Palmer, general secretary of the British Olympic Association, said there was "no evidence" to support the allegations - made in last night's Panorama programme on BBC Television - by Mike Turner, the former British Olympic team doctor.

Turner, until recently deputy director of medical services at the British Olympic Association, said on the programme: "If you're talking about track and field, you're talking about a situation where the percentage may be 75 or above of Olympic athletes in Atlanta will have taken some kind of performance-enhancing drug.''

He also criticised the new high-tech testing equipment installed in Atlanta. Testing urine in competition, by and large, is a waste of time," he said. "People are using growth hormone, they're using blood doping, both of which are undetectable in competition urine testing.'' Turner added that athletes who cheat can use anabolic steroids during the off-season without being caught. "It's only the stupid or totally naive who are going to get caught in Atlanta," he said.

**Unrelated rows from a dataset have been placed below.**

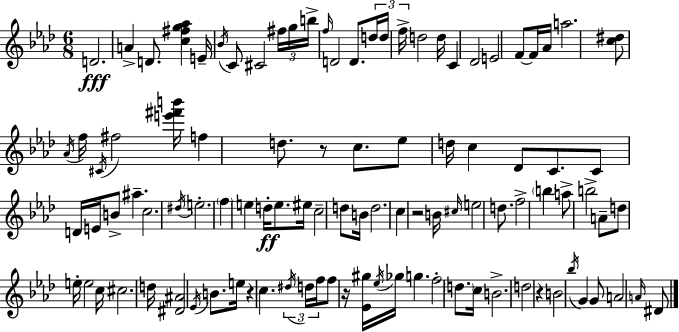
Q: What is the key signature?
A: AES major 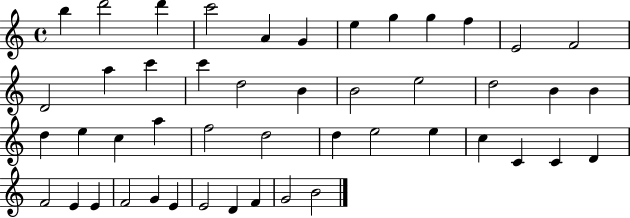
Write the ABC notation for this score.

X:1
T:Untitled
M:4/4
L:1/4
K:C
b d'2 d' c'2 A G e g g f E2 F2 D2 a c' c' d2 B B2 e2 d2 B B d e c a f2 d2 d e2 e c C C D F2 E E F2 G E E2 D F G2 B2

The BBC had ignored a threat from the British Athletic Federation to seek an injunction if a transcript of the programme were not delivered to them.

But the BAF spokesman, Tony Ward, said yesterday he understood British athletes were not the subject of the main allegations. "It is also my understanding that we come in for a certain amount of credit for our tough testing programme," Ward said.

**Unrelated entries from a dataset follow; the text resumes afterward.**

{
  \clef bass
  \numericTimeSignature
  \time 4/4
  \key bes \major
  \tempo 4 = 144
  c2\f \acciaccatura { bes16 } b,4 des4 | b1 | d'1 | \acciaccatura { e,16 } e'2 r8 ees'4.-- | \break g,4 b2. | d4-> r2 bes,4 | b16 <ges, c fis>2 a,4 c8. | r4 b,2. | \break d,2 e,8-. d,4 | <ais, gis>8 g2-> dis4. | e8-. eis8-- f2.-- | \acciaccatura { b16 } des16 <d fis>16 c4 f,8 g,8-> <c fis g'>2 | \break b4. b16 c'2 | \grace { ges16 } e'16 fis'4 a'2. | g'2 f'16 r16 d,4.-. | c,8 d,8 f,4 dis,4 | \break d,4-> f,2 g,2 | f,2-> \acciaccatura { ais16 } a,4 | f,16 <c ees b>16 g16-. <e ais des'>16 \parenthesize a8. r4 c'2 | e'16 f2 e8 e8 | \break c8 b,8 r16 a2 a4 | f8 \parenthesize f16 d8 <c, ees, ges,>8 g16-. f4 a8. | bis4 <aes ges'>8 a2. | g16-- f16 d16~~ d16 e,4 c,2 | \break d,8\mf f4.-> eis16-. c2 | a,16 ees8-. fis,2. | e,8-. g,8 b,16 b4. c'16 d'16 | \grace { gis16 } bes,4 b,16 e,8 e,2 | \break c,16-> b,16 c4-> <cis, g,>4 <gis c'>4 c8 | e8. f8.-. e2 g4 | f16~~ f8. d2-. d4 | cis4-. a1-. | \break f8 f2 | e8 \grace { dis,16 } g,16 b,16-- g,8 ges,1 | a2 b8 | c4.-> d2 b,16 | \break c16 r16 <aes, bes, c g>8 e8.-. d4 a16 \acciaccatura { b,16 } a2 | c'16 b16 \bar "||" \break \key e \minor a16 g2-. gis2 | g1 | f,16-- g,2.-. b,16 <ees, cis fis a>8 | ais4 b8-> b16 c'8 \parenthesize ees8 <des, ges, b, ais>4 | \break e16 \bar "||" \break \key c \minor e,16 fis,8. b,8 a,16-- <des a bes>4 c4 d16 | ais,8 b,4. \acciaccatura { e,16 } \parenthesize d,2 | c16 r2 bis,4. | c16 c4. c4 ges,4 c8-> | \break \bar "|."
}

Meanwhile the Australian sprinter Dean Capobianco, suspended after a positive drugs test, still has a chance of coming to Atlanta. The sprinter, who has struggled with his form in recent seasons, is reported to have tested positive for the steroid stanozolol and faces a possible four-year ban pending an independent hearing this week.

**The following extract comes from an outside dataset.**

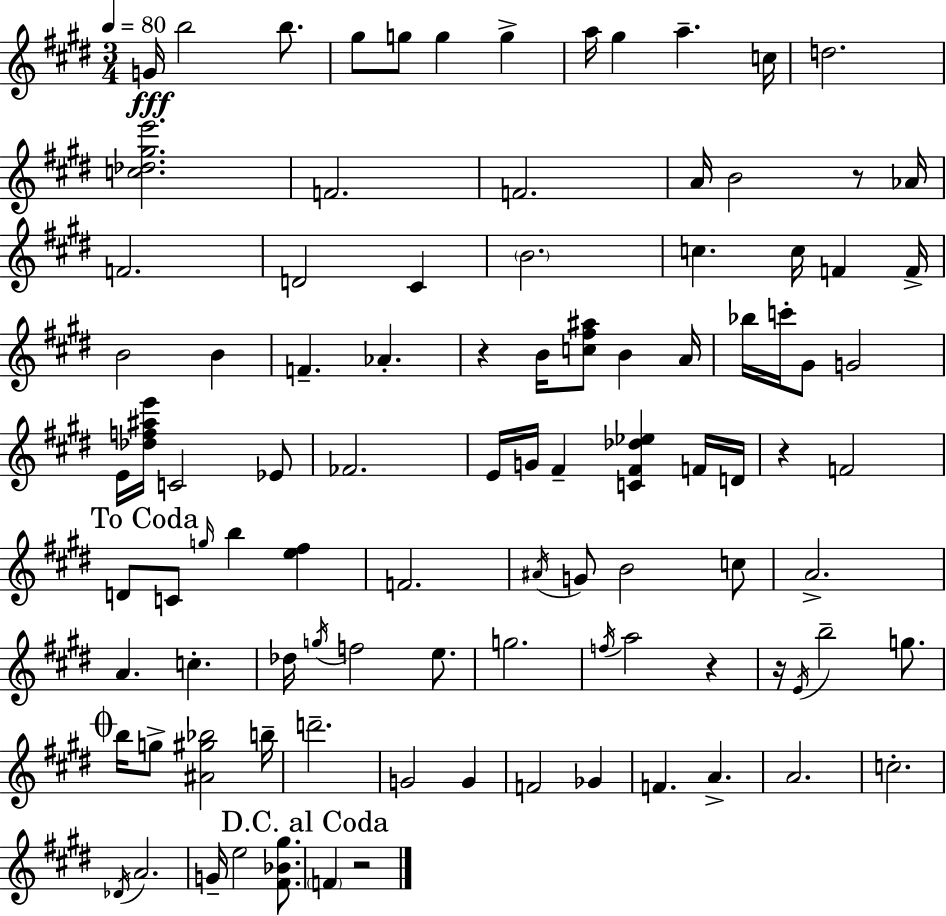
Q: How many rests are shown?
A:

"His lawyers have told me that he is suspended from competition," the Australian team chief, John Coates, said yesterday. "But do I allow him to take his place in the [Olympic] village? I have an open mind on that matter.''

A second athlete planning to compete in the Games, the Italian high jumper Antonella Bevilacqua, is also facing a three-month ban after testing positive for ephedrine. Iran has become the latest country embroiled in pre-Games drugs controversy, dropping two members of the judo team and a weightlifter from their squad for Atlanta, it was reported.

The daily newspaper Abrar said the judokas Abbas Abdi and Mohammad Reza Tolouei and the weightlifter Shaheen Nassirnia were withdrawn from the Iranian squad after they tested positive for unspecified banned substances. This was the second doping scandal in Iran's Olympic team which expelled two Greco-Roman wrestlers in April for similar violations.

It leaves 18 athletes in the squad, including the target shooter Lida Fariman, Iran's first woman participant in the Olympic games since the 1979 Islamic revolution.